Niecodzienny widok ujrzeli w niedzielę 9 października kierowcy podróżujący niemiecką autostradą A72. W godzinach wieczornych doszło tam do kolizji. Pochodzący z Polski 59-letni sprawca wypadku chciał błyskawicznie oddalić się z miejsca zdarzenia.
Kiedy jednak zauważył to poszkodowany, postanowił nie dać za wygraną. Uczepił się maski auta należącego do sprawcy, licząc na to, że to zmusi go do pozostania na miejscu. Nic bardziej mylnego. 59-latek ruszył w podróż autostradą z 23-letnim Niemcem na samochodzie.
Sceny jak z filmu akcji. 23-letni Niemiec uczepił się auta należącego do Polaka
Jak opisuje "Bild", Polak przejechał w ten sposób kilka kilometrów. Próbował na przemian przyspieszać i hamować, żeby zrzucić "kaskadera na gapę" ze swojego samochodu. Zaniepokojeni świadkowie zdarzenia zaalarmowali o sytuacji służby.
23-latek cały czas trzymał się samochodu sprawcy. Mężczyźni przyjechali w ten sposób cztery kilometry. Kiedy na autostradzie pojawiła się policja, nietypowa przejażdżka już się zakończyła.

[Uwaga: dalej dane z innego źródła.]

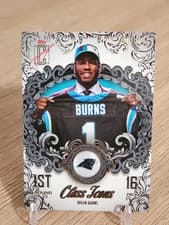 2025 Topps Signature Class Class Icons Brian Burns #CI-3 card
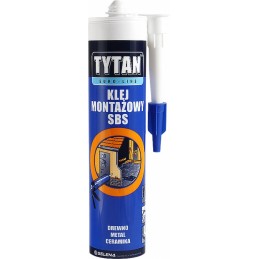 KLEJ MONTAŻOWY 280ML TYTAN EURO-LINE SBS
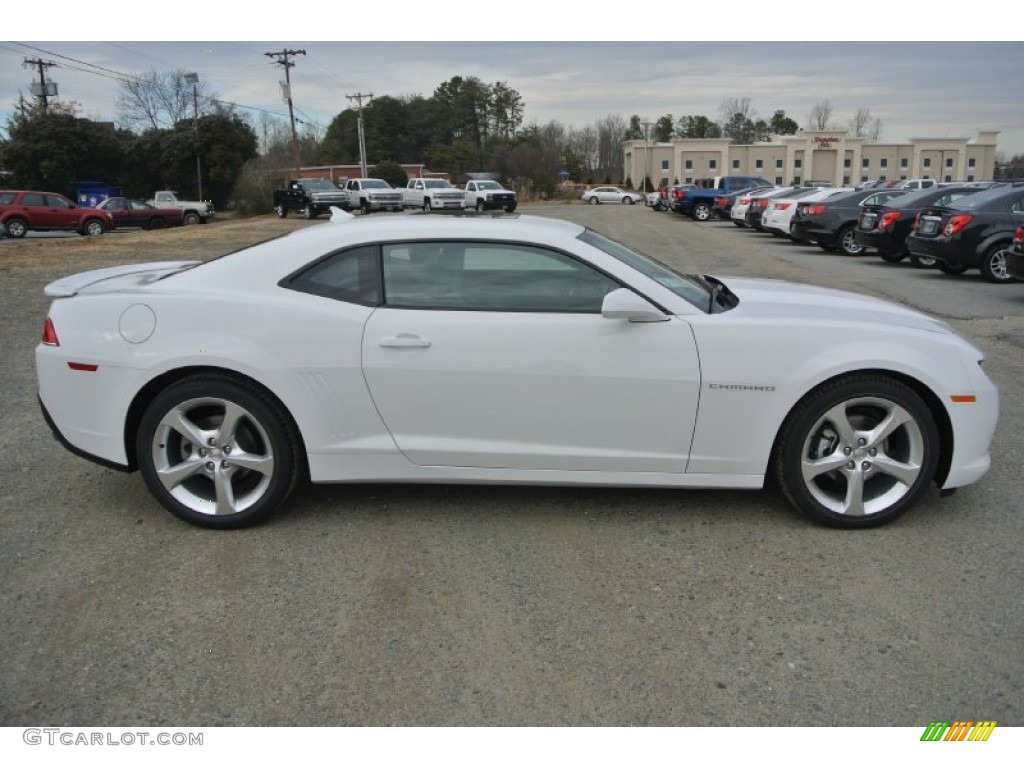 2015 Camaro LT/RS Coupe - Summit White / Gray photo #6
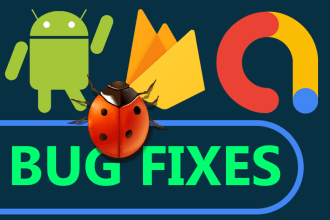 develop android app, firebase integration, admobe, camera customization, fix bug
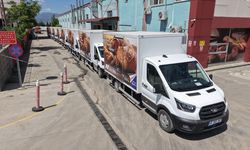 Kahramanmaraş Halk Ekmek filosuna 9 yeni araç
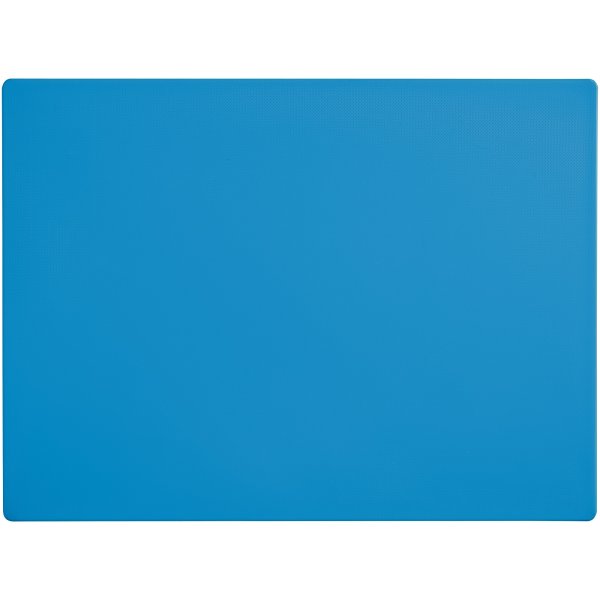 500mm x 350mm Commercial Cutting Board in Blue 20mm | Adexa LK35502TBL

Wściekły Polak miał zjechać na znajdującą się w pobliżu budowę. Tam między mężczyznami wywiązała się bójka, w której obaj odnieśli poważne obrażenia. 59-letni Polak i 23-letni Niemiec zostali przetransportowani przez służby do dwóch oddzielnych szpitali.

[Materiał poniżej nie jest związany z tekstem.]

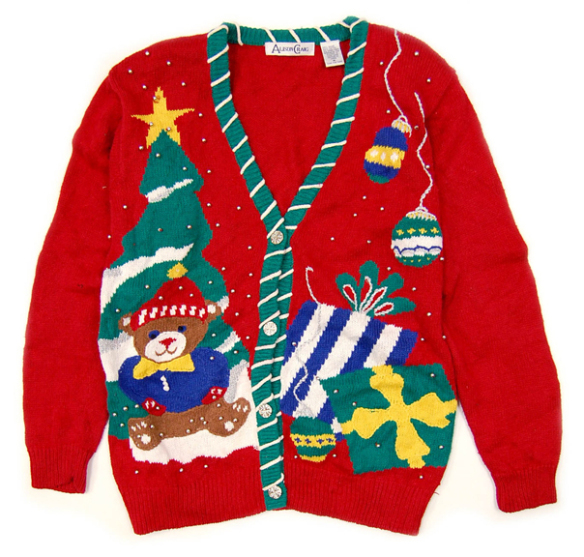 What NOT to wear: Christmas Sweater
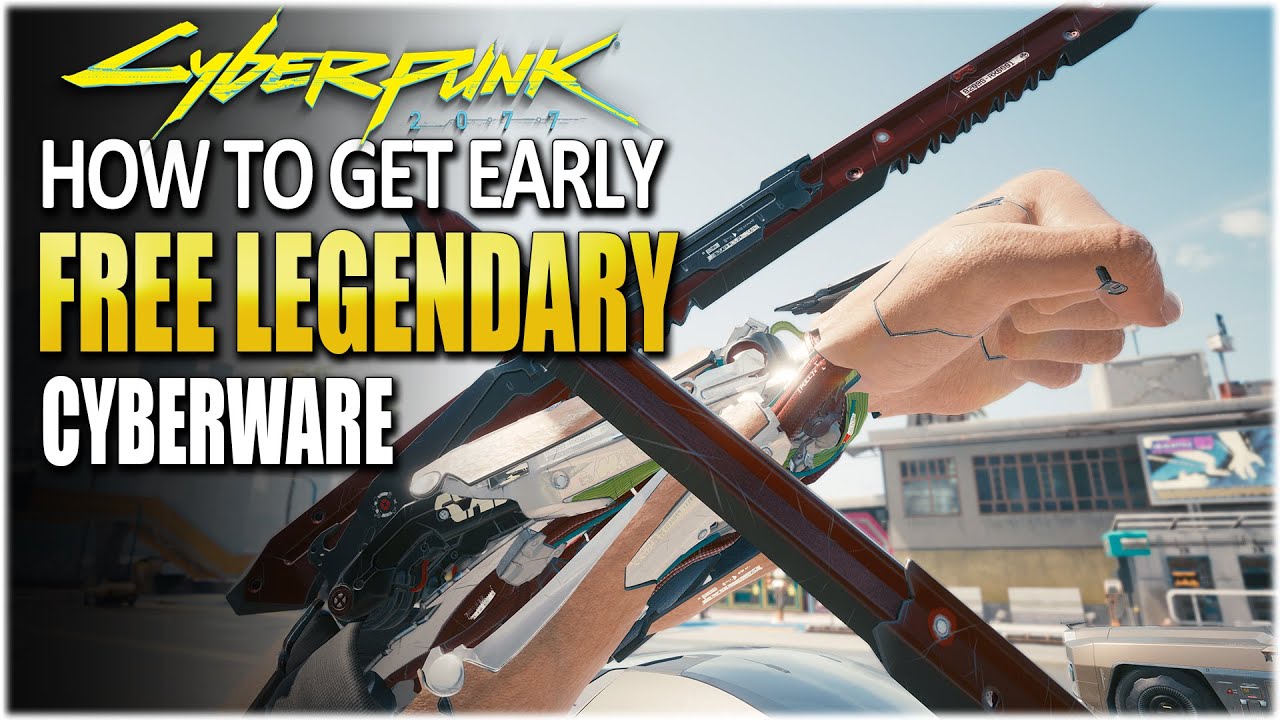 Where To Get Legendary Mantis Blades Cyberpunk Cyberpunk 2077 - How to Get FREE LEGENDARY MANTIS BLADE and MONOWIRE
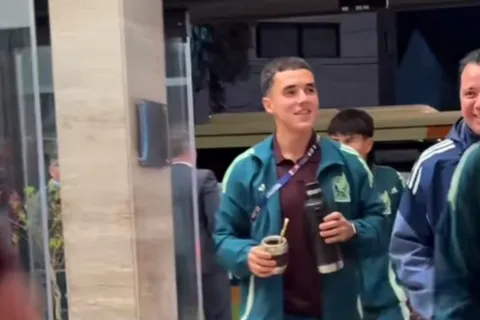 El mate de Mateo Levy en el Mundial Sub 20 causa revuelo en redes: "Es argentino..."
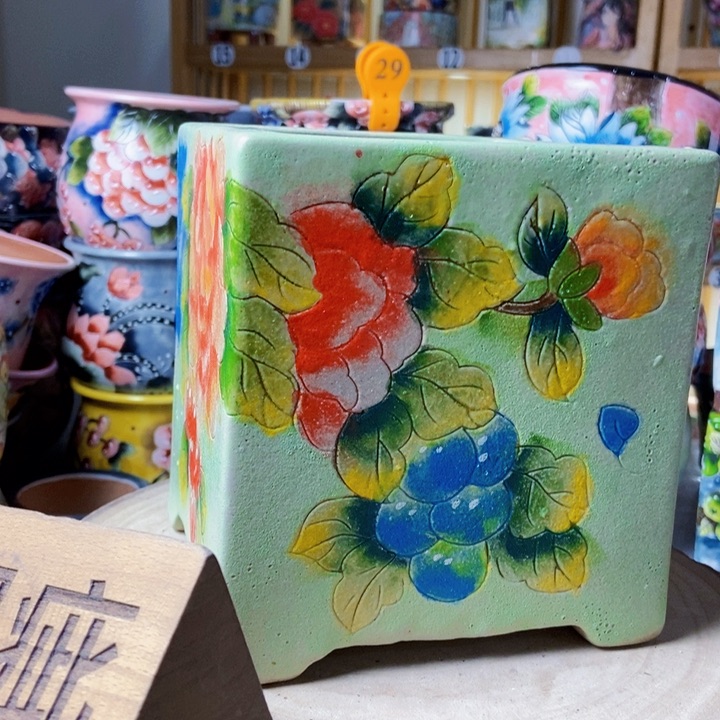 景德镇艺术手绘作品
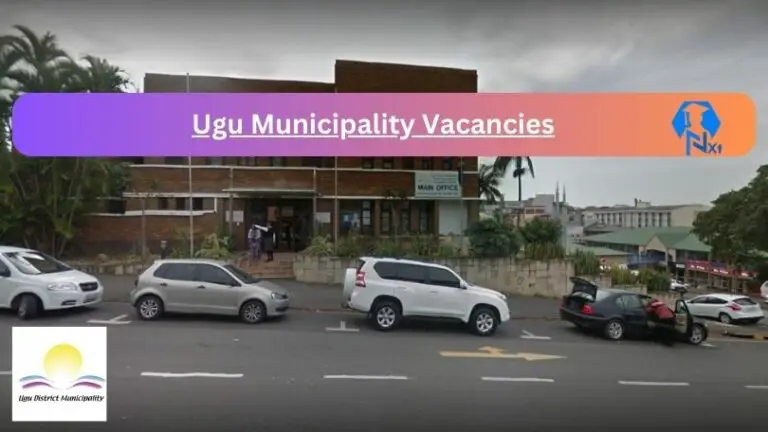 New X1 Ugu Municipality Vacancies 2024 | Apply Now @ugu.gov.za for  Supervisor, Cleaner, Assistant Jobs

23-latek miał szczęście, że nie odniósł obrażeń podczas takiej jazdy. To mogło się skończyć bardzo źle – powiedziała rzeczniczka niemieckiej policji w rozmowie z "Bildem".

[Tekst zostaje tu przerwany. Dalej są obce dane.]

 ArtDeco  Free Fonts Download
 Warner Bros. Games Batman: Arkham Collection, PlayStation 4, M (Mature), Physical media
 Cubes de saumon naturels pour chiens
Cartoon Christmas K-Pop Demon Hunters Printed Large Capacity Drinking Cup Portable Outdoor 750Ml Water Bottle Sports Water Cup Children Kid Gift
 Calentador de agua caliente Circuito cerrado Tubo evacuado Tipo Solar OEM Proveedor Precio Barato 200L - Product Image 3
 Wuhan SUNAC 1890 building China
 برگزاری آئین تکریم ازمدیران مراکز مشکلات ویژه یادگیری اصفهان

Pijany Polak wiózł ofiarę na masce. Usłyszał zarzuty
Kierowca z Polski został przebadany przez policjantów alkomatem. Badanie wykazało u niego we krwi 1,9 promila alkoholu. Skonfiskowano prawo jazdy oraz samochód mężczyzny.
Niemiecka policja wszczęła śledztwo przeciwko 59-latkowi. Mężczyzna usłyszał zarzuty spowodowania zagrożenia w ruchu lądowym, prowadzenia pojazdu w stanie nietrzeźwości oraz napadu.